I know this isn't the most serious of questions, but I like to use latinate vocabulary for my students.

Of late I have been threatening to defenestrate rogues who don't submit their work. 

Today one of them said "Will you take me our of the dog house to do that?" because I recently told her that she was in the dog house for not working! 

So, albeit in a totally cod way, can someone offer me the literal phrase for "in the dog house"? 

Many thanks.


----------



## Cagey

A quick one: You could say someone is "apud canes"(_A pud  Can es_). This is like "chez dogs": "You are at the dogs' place."

"_tu apud canes es_" for one rogue:"_vos apud canes estis_" when the whole class acts up, as I hope they don't.  The pronouns _tu _and _vos_ are emphatic.  Normally they would be omitted.


----------



## suzi br

Thanks. It's all in a spirit of fun, they are a lovely class with a sense of interest in new words, so I appreciate this and think that they will too!


----------



## Fred_C

Hi,
The modern use of the Latin language to express casual situations of the modern life should be made so that everyone is able to understand what is meant, provided they know latin.
I do not understand what "in the dog house" means, I suspect it is an English idiom, and it would be a pity to render it literally in Latin, because I understand Latin, and I would not understand what you mean...


----------



## Cagey

It is indeed an idiom:
*in the doghouse* _Slang_  In great disfavor or trouble. (TheFreeDictionary)​ As suzi says, this is in the spirit of fun, and I'm all for anything that connects Latin and fun.  Her students will know what it means, and perhaps some will even notice the connection between _canes_ and _canine_.


----------



## suzi br

Yes, they will see the connection. 

@ Fred these are English speaking students so the idiom is well-known to them.

(Defenstration wasn't though!)


----------



## brian

Yes, it depends completely on who your audience is. I agree with Fred that, if you were translating something that the public would read, e.g. if you wished to publish a translation, you would have to figure out the real sense of the idiom, then find a suitable idiom in Latin.

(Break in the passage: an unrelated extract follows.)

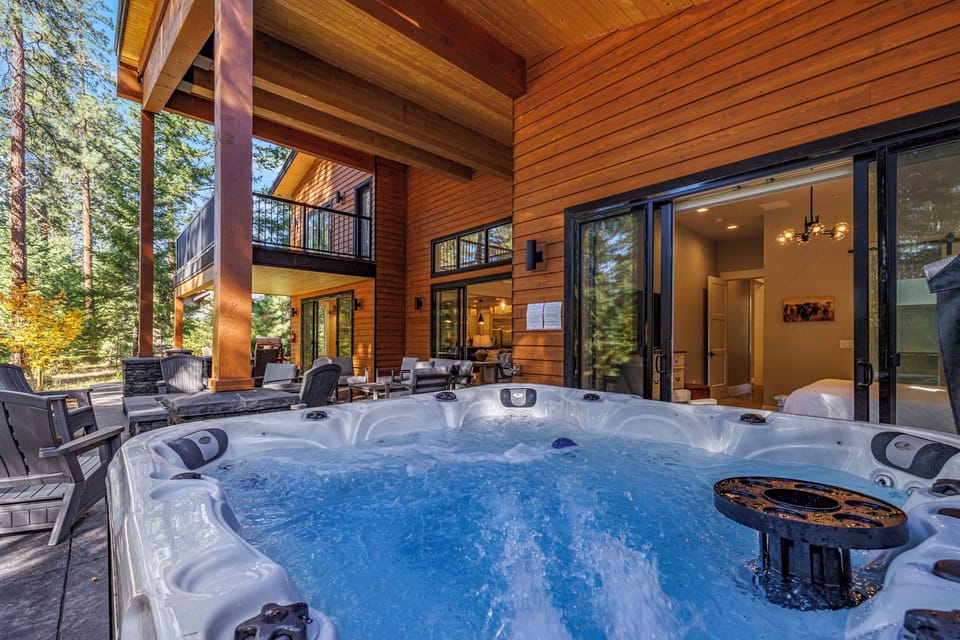Covered Hot Tub located off the master suite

In your case, however, if you simply want the words to be in Latin and have your students recognize the meaning (albeit as in English idiom), you could go so far as to say: *in casā canis* ("in the house of the dog").

There's a decent chance they could figure that sentence out without knowing any Latin.


----------



## suzi br

I like* in casá canis* for its alliterative quality, which means I'll probably remember it! 

I was thinking along those lines but it is over 30 years since I did any Latin grammar, and I would not know which case endings to use anymore! Thank-you!


----------



## brian

_In_ takes the ablative when it describes location, so _casā_, and _canis_ is simply the genitive of _canis_ (nominative and genitive are identical).


----------



## suzi br

Thank-you!


----------